Conceiving, Planning and Making

Nigel Billington, John Jeffrey
1978, Vol. 10, No. 2,

Abstract


Pocklington School is an Independent boys' Day/Boarding School. The Design Centre, which opened in January 1970, brought together under one roof an existing Art Department and a new Technical Unit. From the outset it was decided that the Centre should develop an integrated approach rather than separate art and technical courses and this has led to the development of a basic course which aims to challenge intelligence and appeal to creative and aesthetic instincts. The course as developed at present is followed by all boys in the 11+ to 13+ age range. (Approximately 60-100 boys in each year group).

All boys in Forms I, II and III are time-tabled to spend two double periods each week in the Centre, one on the Art side and the other on the Technical in groups of twenty. The distribution varies from time to time and a group may spend all four periods in one place, or two groups may combine together for a joint session if a particular phase of their work demands it.

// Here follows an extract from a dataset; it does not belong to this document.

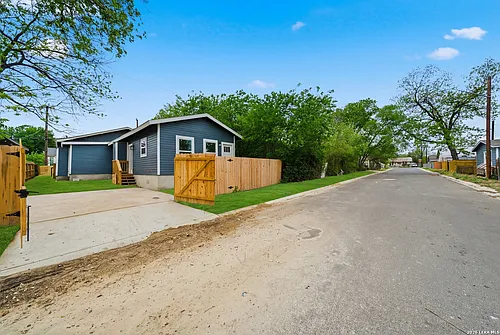 1225 Burnet St Photo 1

In the IVth form boys may opt to take Art, Pottery or Design Technology as '0' level subjects, and continue on to 'A' level in the VIth form taking the Oxford and Cambridge Art exam.

The Design Centre is situated in a new single storey prefabricated building with an 'H' shaped open plan arrangement of seven main teaching areas, and has a total ground area of 6,750 sq. ft. In all the early planning of the enterprise there was the fullest consultation between the School's Architect and ourselves, which allowed us to have complete control of the ground plan, provision and layout of services, design of furniture and fittings, and selection of equipment. This freedom has resulted in a building that has yet to limit our activities, although in our work we naturally concentrate on a fewer number of activities at any moment than would be possible in a large Design Complex. However, we do not feel that this is particularly disadvantageous.

The decision to integrate the main outline of the work has demanded a close collaboration between the teaching staff. Naturally the greater the number of people involved in a scheme, the greater the difficulties involved in ensuring common objectives, and the co-ordinated activity that enables a single topic to be pursued in a number of different areas. In the light of our experience with part-time teachers, students and schemes with local Art and Teacher Training Colleges, we feel that the scale of enterprise is of vital importance in the success of a Design Department. What we may lose in extensive facilities is more than compensated for by increased cohesion within the unit.